== RECORDS TO PROCESS

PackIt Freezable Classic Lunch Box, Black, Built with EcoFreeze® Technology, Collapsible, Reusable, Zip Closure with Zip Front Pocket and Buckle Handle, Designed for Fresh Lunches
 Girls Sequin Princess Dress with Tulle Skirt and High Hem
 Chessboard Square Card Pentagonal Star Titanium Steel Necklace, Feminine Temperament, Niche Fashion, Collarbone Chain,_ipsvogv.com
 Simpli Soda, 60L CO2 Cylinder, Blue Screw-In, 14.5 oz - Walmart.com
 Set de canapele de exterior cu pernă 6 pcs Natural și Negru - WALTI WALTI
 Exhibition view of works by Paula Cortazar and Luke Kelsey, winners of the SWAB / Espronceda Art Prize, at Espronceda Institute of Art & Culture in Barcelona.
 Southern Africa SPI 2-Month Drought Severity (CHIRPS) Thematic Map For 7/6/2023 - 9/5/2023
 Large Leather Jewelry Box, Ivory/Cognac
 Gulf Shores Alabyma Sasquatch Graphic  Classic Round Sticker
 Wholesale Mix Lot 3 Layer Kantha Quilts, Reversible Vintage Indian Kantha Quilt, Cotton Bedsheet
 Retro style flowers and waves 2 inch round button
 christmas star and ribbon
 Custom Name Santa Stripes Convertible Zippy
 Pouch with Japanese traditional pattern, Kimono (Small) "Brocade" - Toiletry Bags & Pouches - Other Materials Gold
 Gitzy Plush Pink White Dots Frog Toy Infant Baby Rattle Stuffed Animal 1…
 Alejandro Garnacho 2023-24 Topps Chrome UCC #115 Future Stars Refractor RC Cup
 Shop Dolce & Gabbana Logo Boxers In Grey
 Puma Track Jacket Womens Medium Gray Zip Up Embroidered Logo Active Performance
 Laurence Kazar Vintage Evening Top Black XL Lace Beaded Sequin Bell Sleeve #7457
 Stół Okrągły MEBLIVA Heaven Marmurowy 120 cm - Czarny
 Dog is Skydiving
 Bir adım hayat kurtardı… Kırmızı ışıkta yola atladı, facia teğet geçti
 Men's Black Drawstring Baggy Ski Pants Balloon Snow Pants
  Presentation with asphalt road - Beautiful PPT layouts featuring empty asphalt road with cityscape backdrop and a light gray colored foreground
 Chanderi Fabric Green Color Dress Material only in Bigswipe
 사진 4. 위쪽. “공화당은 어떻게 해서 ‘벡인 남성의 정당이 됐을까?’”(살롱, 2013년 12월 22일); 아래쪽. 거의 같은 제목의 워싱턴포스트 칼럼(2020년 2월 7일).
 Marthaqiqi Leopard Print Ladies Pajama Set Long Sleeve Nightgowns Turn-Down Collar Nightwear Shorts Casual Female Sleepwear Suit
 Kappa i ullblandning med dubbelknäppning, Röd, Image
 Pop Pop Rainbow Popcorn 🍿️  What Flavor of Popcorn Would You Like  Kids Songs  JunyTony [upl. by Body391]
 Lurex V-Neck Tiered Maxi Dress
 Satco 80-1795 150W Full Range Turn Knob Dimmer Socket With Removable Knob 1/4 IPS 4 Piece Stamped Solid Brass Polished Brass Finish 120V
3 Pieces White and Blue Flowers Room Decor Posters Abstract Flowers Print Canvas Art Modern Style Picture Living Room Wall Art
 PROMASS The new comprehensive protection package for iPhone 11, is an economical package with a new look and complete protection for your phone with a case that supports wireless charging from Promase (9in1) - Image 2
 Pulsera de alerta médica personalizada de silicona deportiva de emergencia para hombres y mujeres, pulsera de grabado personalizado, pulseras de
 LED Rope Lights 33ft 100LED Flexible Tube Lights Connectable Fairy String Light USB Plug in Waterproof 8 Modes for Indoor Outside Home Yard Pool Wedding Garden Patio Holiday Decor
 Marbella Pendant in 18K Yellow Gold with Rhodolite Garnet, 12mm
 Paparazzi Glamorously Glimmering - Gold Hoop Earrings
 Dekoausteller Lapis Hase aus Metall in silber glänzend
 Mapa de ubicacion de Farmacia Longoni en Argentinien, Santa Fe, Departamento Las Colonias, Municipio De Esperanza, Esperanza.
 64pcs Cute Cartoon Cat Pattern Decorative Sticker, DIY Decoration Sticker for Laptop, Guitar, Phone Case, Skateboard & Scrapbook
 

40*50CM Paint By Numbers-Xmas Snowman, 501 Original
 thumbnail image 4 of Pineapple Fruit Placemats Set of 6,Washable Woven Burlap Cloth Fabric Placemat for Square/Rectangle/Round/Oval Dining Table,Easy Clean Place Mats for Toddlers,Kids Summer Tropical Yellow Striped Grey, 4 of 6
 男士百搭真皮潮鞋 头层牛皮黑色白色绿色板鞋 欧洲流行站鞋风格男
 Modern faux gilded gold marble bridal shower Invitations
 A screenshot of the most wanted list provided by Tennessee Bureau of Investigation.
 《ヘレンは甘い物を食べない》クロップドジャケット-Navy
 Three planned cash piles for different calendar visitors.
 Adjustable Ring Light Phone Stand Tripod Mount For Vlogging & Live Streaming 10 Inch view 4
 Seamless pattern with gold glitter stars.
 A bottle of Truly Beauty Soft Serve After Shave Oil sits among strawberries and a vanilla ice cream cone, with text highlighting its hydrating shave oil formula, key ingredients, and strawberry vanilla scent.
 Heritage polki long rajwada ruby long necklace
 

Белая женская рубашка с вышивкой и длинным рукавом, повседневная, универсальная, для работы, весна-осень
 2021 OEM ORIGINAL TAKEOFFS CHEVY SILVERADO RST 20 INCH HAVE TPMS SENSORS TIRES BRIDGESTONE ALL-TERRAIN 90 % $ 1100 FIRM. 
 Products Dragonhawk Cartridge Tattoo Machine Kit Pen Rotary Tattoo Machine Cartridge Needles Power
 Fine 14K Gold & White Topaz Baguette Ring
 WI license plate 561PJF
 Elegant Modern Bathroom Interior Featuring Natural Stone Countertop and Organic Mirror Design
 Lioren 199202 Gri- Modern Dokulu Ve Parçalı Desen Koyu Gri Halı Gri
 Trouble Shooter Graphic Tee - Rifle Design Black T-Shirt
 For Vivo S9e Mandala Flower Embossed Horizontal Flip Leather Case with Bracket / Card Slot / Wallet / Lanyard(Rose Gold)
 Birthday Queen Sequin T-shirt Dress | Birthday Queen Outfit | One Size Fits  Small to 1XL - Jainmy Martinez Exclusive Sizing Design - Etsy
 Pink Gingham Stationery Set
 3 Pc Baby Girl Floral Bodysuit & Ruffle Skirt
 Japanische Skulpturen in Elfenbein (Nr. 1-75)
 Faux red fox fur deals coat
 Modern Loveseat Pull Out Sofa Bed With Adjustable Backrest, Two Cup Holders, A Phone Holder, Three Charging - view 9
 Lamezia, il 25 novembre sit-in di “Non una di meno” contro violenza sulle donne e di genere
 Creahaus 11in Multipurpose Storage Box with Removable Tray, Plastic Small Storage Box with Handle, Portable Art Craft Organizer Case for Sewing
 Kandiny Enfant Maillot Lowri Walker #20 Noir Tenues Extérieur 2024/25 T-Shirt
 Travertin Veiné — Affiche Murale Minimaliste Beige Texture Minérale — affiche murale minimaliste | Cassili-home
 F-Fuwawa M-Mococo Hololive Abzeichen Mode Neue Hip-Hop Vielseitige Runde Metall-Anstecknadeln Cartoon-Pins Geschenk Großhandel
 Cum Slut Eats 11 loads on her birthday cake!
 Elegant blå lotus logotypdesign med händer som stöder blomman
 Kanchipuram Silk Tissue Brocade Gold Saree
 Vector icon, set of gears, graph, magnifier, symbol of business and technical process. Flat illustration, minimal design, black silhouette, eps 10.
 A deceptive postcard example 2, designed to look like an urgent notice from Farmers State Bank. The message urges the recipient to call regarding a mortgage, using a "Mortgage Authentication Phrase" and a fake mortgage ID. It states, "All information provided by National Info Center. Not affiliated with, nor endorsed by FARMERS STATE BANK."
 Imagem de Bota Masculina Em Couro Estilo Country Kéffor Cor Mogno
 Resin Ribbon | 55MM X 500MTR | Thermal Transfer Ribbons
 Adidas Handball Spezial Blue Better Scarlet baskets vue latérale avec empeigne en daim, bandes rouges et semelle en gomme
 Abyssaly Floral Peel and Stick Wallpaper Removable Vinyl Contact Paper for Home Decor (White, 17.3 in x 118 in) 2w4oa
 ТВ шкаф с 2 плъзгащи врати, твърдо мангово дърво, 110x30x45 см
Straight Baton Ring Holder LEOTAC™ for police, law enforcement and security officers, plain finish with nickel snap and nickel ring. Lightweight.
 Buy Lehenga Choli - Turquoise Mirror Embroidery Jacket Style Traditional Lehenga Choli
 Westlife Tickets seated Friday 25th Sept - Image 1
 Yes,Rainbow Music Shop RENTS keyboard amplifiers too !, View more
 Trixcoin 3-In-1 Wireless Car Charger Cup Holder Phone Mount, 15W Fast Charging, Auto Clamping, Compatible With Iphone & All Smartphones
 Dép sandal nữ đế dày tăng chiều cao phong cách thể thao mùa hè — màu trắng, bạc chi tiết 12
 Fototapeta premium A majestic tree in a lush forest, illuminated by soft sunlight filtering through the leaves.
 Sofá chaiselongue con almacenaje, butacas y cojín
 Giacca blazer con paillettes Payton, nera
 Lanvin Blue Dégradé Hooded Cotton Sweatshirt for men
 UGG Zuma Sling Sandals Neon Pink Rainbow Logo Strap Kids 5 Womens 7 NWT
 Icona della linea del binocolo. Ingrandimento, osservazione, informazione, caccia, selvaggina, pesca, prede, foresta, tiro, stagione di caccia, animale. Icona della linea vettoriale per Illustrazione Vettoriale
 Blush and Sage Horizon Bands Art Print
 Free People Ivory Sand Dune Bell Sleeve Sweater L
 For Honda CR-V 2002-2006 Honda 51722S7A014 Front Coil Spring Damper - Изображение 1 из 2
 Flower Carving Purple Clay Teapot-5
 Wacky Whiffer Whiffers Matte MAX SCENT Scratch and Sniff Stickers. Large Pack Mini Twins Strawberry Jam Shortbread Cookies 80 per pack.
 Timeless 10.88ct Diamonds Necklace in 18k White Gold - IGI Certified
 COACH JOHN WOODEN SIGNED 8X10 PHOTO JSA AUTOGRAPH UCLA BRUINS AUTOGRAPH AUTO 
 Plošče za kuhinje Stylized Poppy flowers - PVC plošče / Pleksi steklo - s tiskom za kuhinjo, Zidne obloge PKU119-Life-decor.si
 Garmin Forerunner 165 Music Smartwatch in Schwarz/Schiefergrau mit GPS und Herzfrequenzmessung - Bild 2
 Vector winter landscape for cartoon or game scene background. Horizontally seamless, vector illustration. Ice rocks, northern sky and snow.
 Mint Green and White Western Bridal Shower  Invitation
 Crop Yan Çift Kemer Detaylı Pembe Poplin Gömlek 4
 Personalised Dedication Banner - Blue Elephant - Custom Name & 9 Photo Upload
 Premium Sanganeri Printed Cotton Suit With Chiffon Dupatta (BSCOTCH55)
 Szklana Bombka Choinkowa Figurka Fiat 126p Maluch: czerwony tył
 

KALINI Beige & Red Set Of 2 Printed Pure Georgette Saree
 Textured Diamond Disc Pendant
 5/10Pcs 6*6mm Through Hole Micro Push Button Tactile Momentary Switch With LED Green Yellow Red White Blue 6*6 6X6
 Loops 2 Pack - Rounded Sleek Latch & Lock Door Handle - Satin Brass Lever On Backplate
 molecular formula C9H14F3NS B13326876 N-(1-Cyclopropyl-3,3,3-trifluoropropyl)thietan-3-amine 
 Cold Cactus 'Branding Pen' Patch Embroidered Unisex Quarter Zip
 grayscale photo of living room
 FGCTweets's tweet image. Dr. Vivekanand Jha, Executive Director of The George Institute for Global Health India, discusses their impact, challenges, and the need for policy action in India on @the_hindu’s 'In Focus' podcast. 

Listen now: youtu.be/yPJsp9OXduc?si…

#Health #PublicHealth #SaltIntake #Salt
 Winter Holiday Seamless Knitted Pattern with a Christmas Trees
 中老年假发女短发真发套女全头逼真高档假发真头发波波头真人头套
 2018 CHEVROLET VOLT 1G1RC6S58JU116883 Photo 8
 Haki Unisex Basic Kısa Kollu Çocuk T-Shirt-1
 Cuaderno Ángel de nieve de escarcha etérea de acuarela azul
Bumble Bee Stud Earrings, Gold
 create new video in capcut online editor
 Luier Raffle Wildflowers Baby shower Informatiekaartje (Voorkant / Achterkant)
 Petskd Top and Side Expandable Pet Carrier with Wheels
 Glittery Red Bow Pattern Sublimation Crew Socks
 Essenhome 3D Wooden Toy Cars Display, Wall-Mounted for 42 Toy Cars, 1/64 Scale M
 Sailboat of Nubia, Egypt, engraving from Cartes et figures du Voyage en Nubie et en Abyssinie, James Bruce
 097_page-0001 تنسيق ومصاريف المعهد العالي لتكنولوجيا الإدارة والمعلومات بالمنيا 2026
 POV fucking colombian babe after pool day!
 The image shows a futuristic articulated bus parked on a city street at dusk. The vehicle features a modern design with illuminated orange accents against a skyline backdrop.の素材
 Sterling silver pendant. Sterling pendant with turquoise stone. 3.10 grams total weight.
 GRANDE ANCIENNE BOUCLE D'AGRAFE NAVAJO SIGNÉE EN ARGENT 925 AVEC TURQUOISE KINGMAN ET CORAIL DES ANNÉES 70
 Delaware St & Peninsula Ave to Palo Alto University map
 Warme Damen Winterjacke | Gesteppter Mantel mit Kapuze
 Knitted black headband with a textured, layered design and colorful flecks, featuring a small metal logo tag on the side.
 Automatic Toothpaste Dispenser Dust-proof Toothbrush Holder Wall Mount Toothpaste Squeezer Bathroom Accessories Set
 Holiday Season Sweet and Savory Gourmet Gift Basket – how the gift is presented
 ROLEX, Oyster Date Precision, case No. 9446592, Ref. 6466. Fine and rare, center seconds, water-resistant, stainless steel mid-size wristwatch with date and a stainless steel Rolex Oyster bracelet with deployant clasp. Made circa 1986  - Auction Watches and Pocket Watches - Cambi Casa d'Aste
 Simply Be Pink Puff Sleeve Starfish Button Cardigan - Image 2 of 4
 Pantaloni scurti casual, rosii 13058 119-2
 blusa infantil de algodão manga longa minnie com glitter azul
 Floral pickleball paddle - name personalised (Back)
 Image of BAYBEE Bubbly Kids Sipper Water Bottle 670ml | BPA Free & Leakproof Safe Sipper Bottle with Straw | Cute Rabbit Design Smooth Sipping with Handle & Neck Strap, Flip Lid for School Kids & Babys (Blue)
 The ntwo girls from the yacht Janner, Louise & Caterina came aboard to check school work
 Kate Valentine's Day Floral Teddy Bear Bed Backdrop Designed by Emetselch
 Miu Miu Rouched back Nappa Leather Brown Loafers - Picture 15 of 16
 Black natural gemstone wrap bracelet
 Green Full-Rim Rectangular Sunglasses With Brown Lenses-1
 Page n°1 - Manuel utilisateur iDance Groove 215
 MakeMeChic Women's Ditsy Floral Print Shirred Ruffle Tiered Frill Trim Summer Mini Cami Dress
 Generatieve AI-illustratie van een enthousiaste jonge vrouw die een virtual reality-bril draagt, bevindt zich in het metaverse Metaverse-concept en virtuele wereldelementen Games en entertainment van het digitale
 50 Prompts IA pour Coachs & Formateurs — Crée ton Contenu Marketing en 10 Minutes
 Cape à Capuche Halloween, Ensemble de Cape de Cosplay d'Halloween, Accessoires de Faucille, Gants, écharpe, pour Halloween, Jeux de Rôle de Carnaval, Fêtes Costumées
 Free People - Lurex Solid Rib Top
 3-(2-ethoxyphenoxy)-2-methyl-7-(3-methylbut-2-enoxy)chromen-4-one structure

====

**DESCRIPTION OF THE TASK:**
What you return must be an exact retyping of the lines above starting at the line with "COACH JOHN WOODEN" and ending at the line with "Cold Cactus 'Branding", and nothing besides.

**WRITTEN RESPONSE:**
 COACH JOHN WOODEN SIGNED 8X10 PHOTO JSA AUTOGRAPH UCLA BRUINS AUTOGRAPH AUTO 
 Plošče za kuhinje Stylized Poppy flowers - PVC plošče / Pleksi steklo - s tiskom za kuhinjo, Zidne obloge PKU119-Life-decor.si
 Garmin Forerunner 165 Music Smartwatch in Schwarz/Schiefergrau mit GPS und Herzfrequenzmessung - Bild 2
 Vector winter landscape for cartoon or game scene background. Horizontally seamless, vector illustration. Ice rocks, northern sky and snow.
 Mint Green and White Western Bridal Shower  Invitation
 Crop Yan Çift Kemer Detaylı Pembe Poplin Gömlek 4
 Personalised Dedication Banner - Blue Elephant - Custom Name & 9 Photo Upload
 Premium Sanganeri Printed Cotton Suit With Chiffon Dupatta (BSCOTCH55)
 Szklana Bombka Choinkowa Figurka Fiat 126p Maluch: czerwony tył
 

KALINI Beige & Red Set Of 2 Printed Pure Georgette Saree
 Textured Diamond Disc Pendant
 5/10Pcs 6*6mm Through Hole Micro Push Button Tactile Momentary Switch With LED Green Yellow Red White Blue 6*6 6X6
 Loops 2 Pack - Rounded Sleek Latch & Lock Door Handle - Satin Brass Lever On Backplate
 molecular formula C9H14F3NS B13326876 N-(1-Cyclopropyl-3,3,3-trifluoropropyl)thietan-3-amine 
 Cold Cactus 'Branding Pen' Patch Embroidered Unisex Quarter Zip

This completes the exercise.